Blanchfield now visualized the two of them helping him “turn over” his ten-foot propeller, ordinarily a task for three men. The storm had abated somewhat, and the three set forth, Blanchfield explaining his predicament as they went along. But when the Indian came within a hundred yards of the stranded ship, he stopped, and would go no farther. Nor would the grizzled prospector. ‘Sky devil no good’ was all the old redskin would say. So it fell to Blanchfield’s lot to turn over the propeller himself. Plowing through the snow, now almost two feet deep, with his heavy balloon-tired wheels, the pilot finally succeeded in urging his “bus” into the air, and arrived at the Reno field late that afternoon.

In May, 1922, Pilot Huking left San Francisco for Reno one day with the usual cargo of mail. A battle with the elements began almost as soon as the wheels of his machine left the ground, but this time it was not snow. It was fog, thick enough to tie up harbor shipping. When his ship, after a gallant climb of several thousand feet, finally poked her nose above the clouds, Huking was lost. But he started in the general direction of Reno, guided only by his compass. When more than three miles in the air, the mist began to thicken. To add to his discomfort, this soon turned to rain. Still he drove onward toward the “hump,” looking meanwhile for an opening. He dared not fly lower, for at any moment the sharp pinnacle of a mountain might rear itself abruptly into the clouds, too late for him to turn either to the right or left.

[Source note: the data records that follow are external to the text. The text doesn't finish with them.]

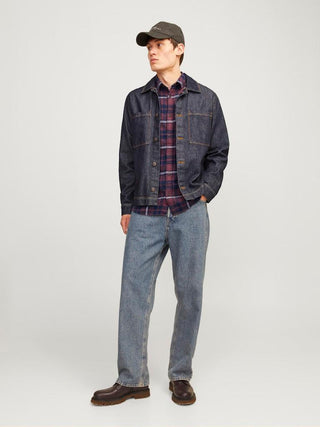 Ανδρικό πουκάμισο JJJOSHUA FALL FLANNEL SHIRT LS JACK & JONES 12258429 Vineyard Wine W24/25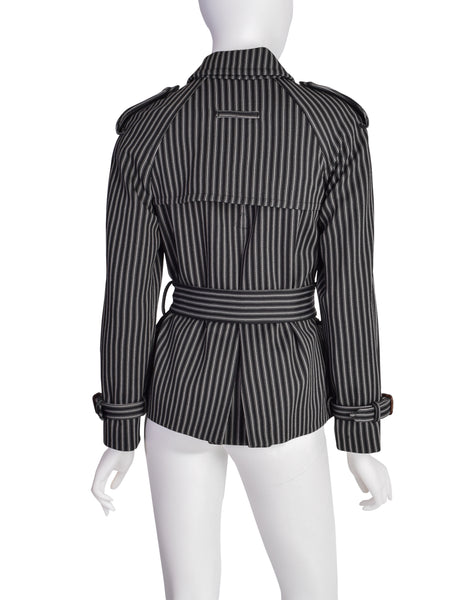 Jean Paul Gaultier Vintage Black Grey Striped Double Breasted Trench Jacket
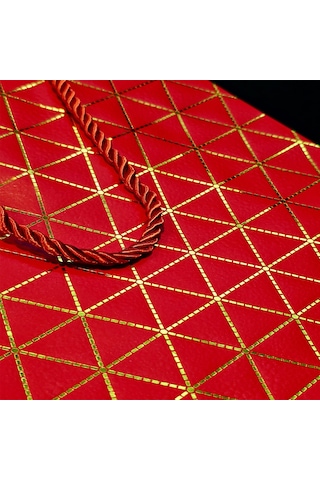 Kırmızı Geometrik Desenli Mini Boy Karton Hediye Çantası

Huking was in a quandary. He felt certain that he was somewhere in the vicinity of the Reno field. But a dive through the blanket of dark clouds that lay over the mountains, in the hope of finding clear weather at a lower level, probably would result in death. There he was, lost in the darkness, miles above the earth, with only a dense mist on every side. After flying about in circles for more than an hour, looking in vain for an opening, the engine began to sputter and finally stopped completely. Huking instinctively turned his ship’s nose downward, and glided through the dense clouds at an angle so flat that it barely maintained the momentum of the airplane. After what seemed hours, the pilot found, upon emerging from the mist, that the ground was only three hundred feet below. To his consternation, however, it was covered with trees, some of which were more than one hundred feet high!

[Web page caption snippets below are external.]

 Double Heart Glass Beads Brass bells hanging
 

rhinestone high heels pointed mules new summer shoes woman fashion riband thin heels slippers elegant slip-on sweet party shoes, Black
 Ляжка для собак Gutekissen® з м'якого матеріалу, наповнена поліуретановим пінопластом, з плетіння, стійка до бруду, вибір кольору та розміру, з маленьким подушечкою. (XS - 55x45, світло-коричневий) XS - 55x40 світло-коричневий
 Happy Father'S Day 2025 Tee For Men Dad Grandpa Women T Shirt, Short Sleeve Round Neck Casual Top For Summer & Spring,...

Almost before he was aware of what was happening, one of the wings of the machine came in contact with a tree-top and was snapped off. Slewed around by the impact and without this supporting wing, the plane dived downward and crashed through the limbs of the surrounding trees, breaking into a thousand pieces.

From a point half a mile away, the noise of the falling plane was plainly heard by some wood cutters. Hurrying through the fog and mist, they found Huking, covered with blood, walking about the wreck.

“I couldn’t keep her up with only one wing,” he was repeating.

As they drew near, the pilot, who had had a very narrow escape from death, suddenly collapsed. They carried his unconscious form to the nearest doctor—three miles away—and Huking spent the next ten days in bed. But at the end of that time he was back on the job, carrying the mail between Reno and San Francisco, across the “hump” and the “hell hole” or Verdi, Nevada, which has been the scene of more than half a dozen near-tragedies.

To return to Pilot Vance, who in December, 1923, was caught in a snowstorm between Reno and San Francisco: The flakes, large and fluffy like the breast feathers of a Canada goose, floated lazily to earth, entirely cutting off his view of the country below. Flying by compass and resorting to the tactics taught him by experience, Vance endeavored to climb above the storm. At 13,000 feet—two and a half miles—the tempest still was raging. Snow was falling thicker than ever. Vance realized that it would be pitch dark before he could reach Reno. With the chances ten to one that he would become lost in the snowstorm, and realizing that his gasoline supply was running low, Vance decided to come down.